## PROBLEM
Print exactly the lines from the one containing "Oranges on Stripes" through the last line of the records below, both included, and nothing else; omit any pictures.
....................
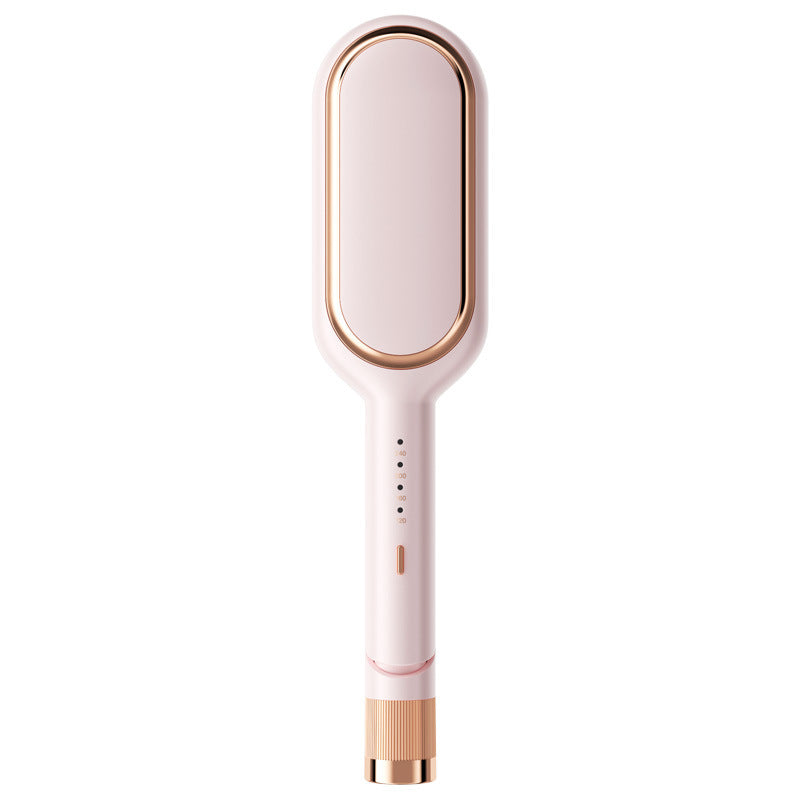 Pink Trendoligy wool curling iron with tourmaline ceramic wave styler and temperature settings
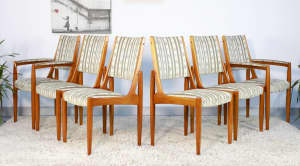 FREE DELIVERY-Retro Vintage Mid Century Dining Chairs x6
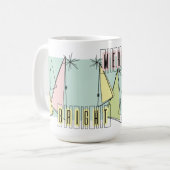 Merry & Bright Mid Century Moderne vakantie Mok (Voorkant links)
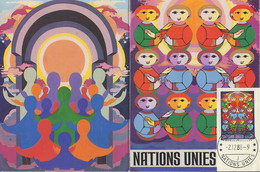 NU Genève - Vereinte Nationen Livret 1988 Y&T N°162 - Michel N°162 - 50c Entente Mutuelle - Carte De Voeux - Covers & Documents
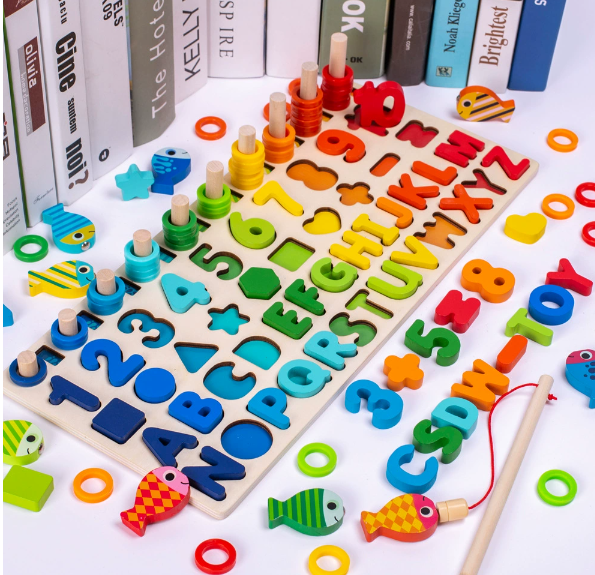 Woods – Montessori wooden play board
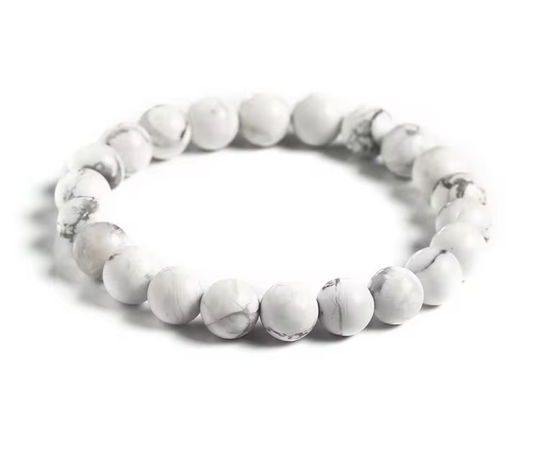 Howlite Beaded Bracelet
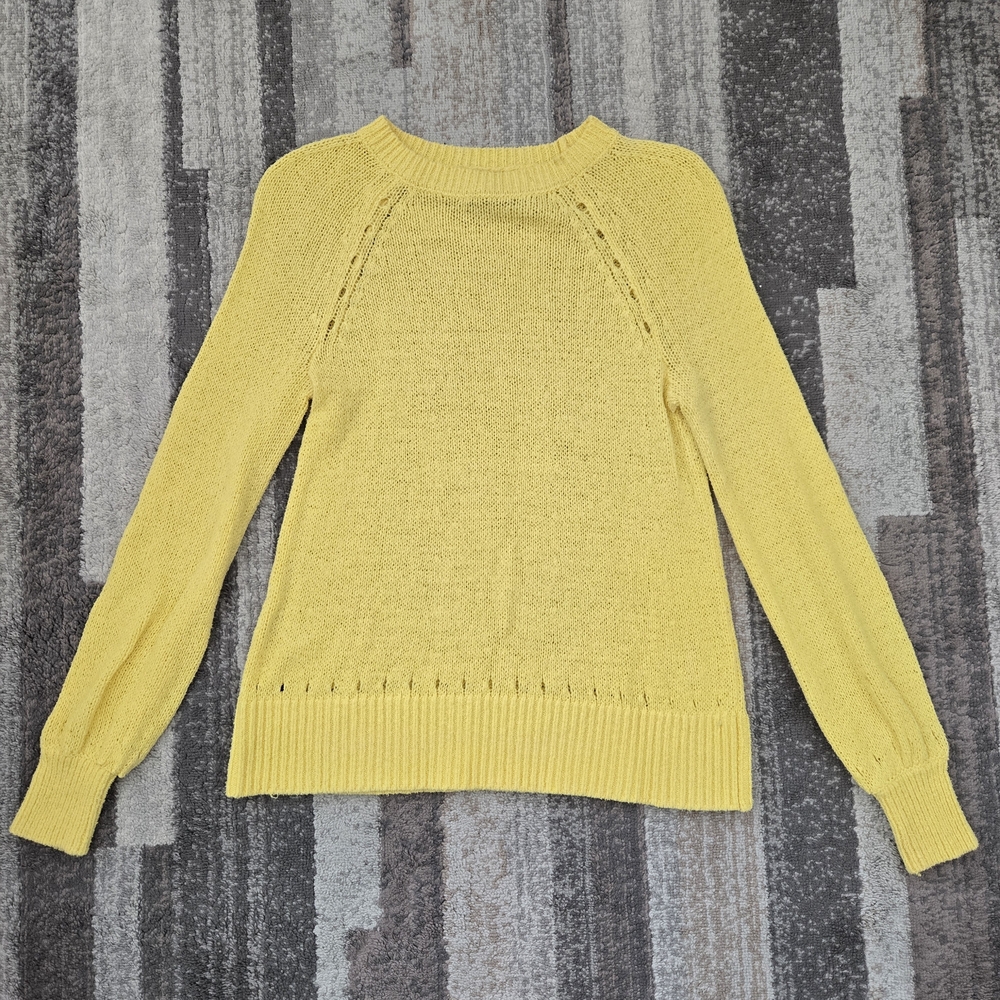LOFT Yellow Crew Neck Sweater
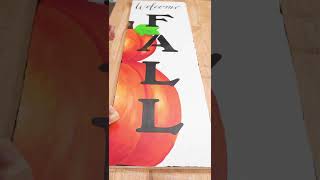 DIY Painted Porch Sign Welcome Fall [upl. by Idelia569]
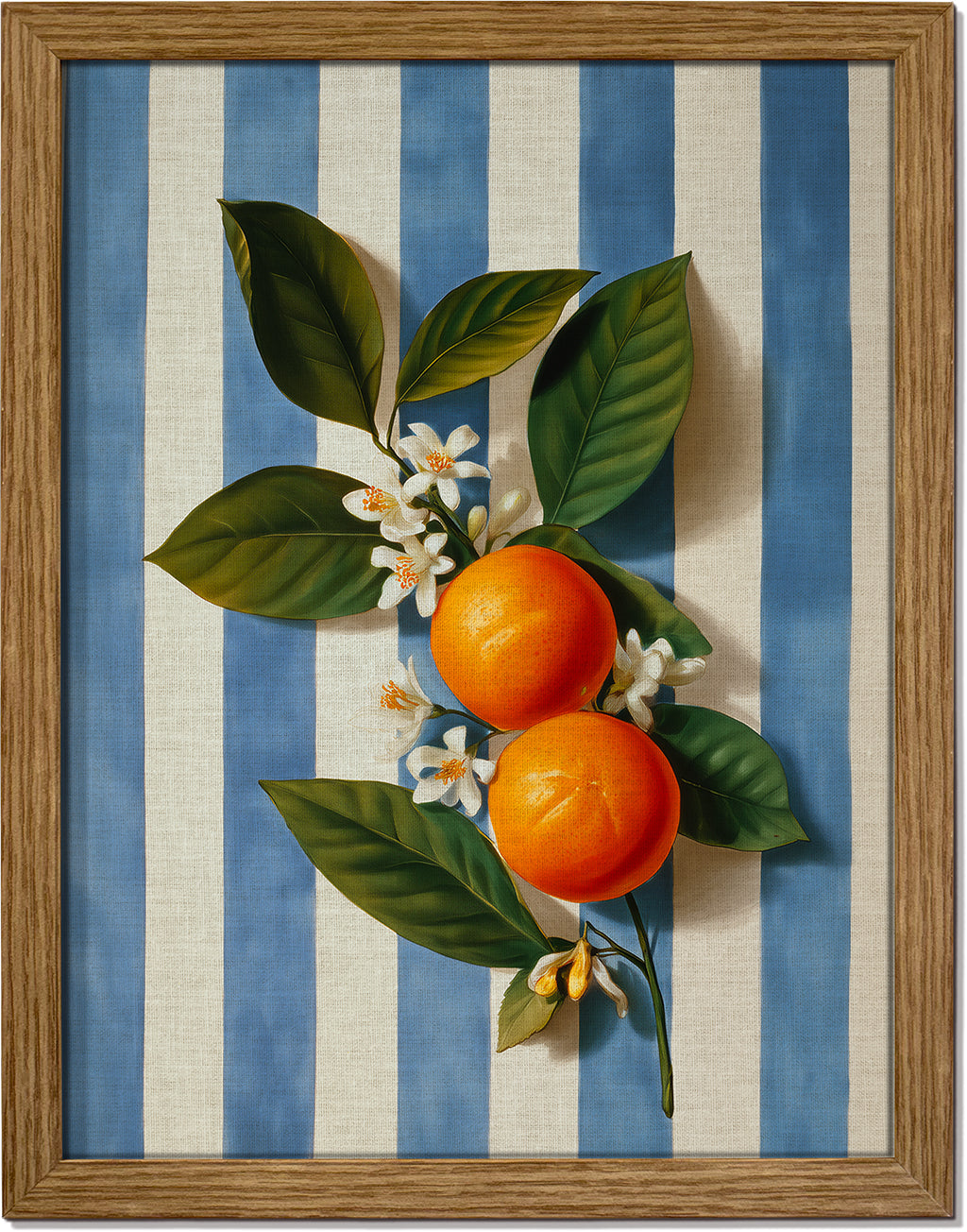 Oranges on Stripes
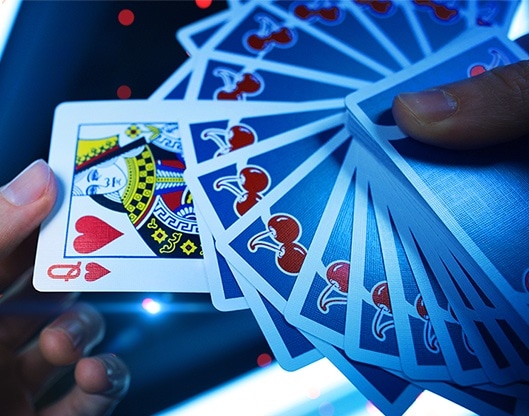 Cherry Casino Playing Cards (Tahoe Blue) （基本用具,デック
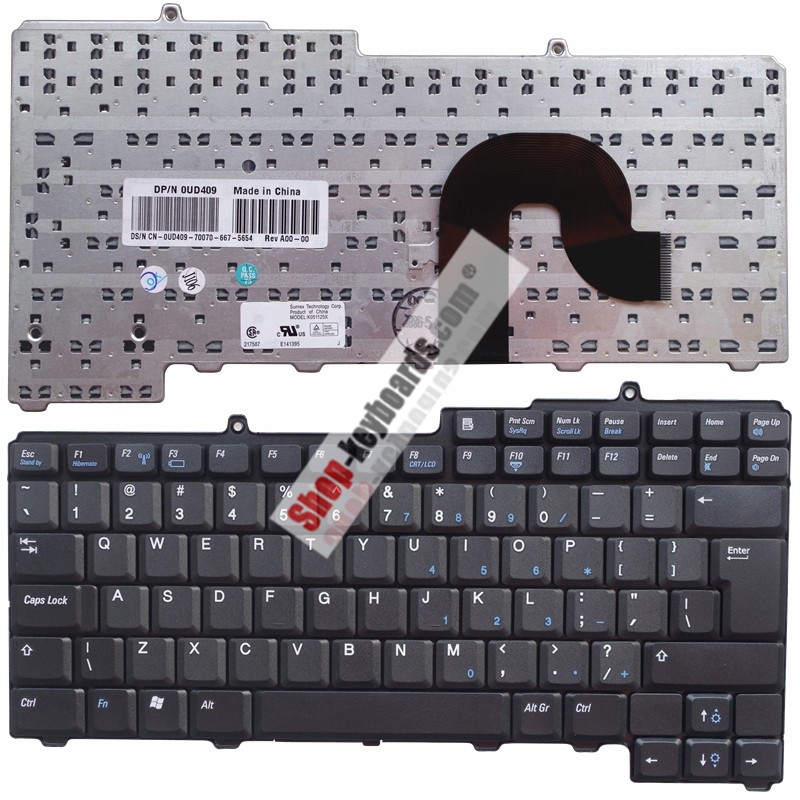 Dell 9J.N6782.G1D Keyboard replacement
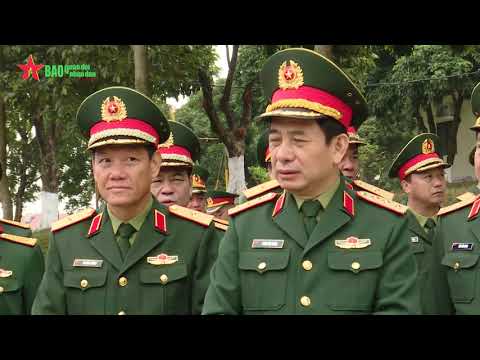 Video Thượng tướng Phan Văn Giang thăm, làm việc tại Sư đoàn... - youtube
....................
## EXERCISE SOLUTION
 Oranges on Stripes
 Cherry Casino Playing Cards (Tahoe Blue) （基本用具,デック
 Dell 9J.N6782.G1D Keyboard replacement
 Video Thượng tướng Phan Văn Giang thăm, làm việc tại Sư đoàn... - youtube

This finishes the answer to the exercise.